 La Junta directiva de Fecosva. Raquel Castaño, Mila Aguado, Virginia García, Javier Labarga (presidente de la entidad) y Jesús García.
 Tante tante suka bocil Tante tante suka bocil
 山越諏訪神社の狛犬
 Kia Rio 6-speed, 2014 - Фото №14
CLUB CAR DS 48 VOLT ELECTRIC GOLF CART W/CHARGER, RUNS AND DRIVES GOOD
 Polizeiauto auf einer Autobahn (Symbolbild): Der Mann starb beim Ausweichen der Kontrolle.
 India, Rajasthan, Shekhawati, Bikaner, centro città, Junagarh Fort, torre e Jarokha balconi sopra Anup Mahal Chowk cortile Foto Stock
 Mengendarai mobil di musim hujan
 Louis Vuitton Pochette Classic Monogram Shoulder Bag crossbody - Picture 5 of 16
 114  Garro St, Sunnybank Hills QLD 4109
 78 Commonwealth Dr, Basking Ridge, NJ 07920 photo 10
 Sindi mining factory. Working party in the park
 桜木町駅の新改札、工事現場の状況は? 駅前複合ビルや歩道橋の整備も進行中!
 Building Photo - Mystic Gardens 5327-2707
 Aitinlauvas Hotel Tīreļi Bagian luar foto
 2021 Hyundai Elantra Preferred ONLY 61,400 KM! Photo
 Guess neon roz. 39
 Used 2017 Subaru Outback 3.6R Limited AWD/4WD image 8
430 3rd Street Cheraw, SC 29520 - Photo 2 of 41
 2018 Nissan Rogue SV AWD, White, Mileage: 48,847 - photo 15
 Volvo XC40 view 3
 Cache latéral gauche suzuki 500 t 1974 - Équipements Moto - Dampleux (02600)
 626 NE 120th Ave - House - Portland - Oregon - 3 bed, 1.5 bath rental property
★ ★ ★ ★ ★ ★ ★
* Exercise *
Each of the entries above is to be repeated exactly.

* Final answer *
 La Junta directiva de Fecosva. Raquel Castaño, Mila Aguado, Virginia García, Javier Labarga (presidente de la entidad) y Jesús García.
 Tante tante suka bocil Tante tante suka bocil
 山越諏訪神社の狛犬
 Kia Rio 6-speed, 2014 - Фото №14
CLUB CAR DS 48 VOLT ELECTRIC GOLF CART W/CHARGER, RUNS AND DRIVES GOOD
 Polizeiauto auf einer Autobahn (Symbolbild): Der Mann starb beim Ausweichen der Kontrolle.
 India, Rajasthan, Shekhawati, Bikaner, centro città, Junagarh Fort, torre e Jarokha balconi sopra Anup Mahal Chowk cortile Foto Stock
 Mengendarai mobil di musim hujan
 Louis Vuitton Pochette Classic Monogram Shoulder Bag crossbody - Picture 5 of 16
 114  Garro St, Sunnybank Hills QLD 4109
 78 Commonwealth Dr, Basking Ridge, NJ 07920 photo 10
 Sindi mining factory. Working party in the park
 桜木町駅の新改札、工事現場の状況は? 駅前複合ビルや歩道橋の整備も進行中!
 Building Photo - Mystic Gardens 5327-2707
 Aitinlauvas Hotel Tīreļi Bagian luar foto
 2021 Hyundai Elantra Preferred ONLY 61,400 KM! Photo
 Guess neon roz. 39
 Used 2017 Subaru Outback 3.6R Limited AWD/4WD image 8
430 3rd Street Cheraw, SC 29520 - Photo 2 of 41
 2018 Nissan Rogue SV AWD, White, Mileage: 48,847 - photo 15
 Volvo XC40 view 3
 Cache latéral gauche suzuki 500 t 1974 - Équipements Moto - Dampleux (02600)
 626 NE 120th Ave - House - Portland - Oregon - 3 bed, 1.5 bath rental property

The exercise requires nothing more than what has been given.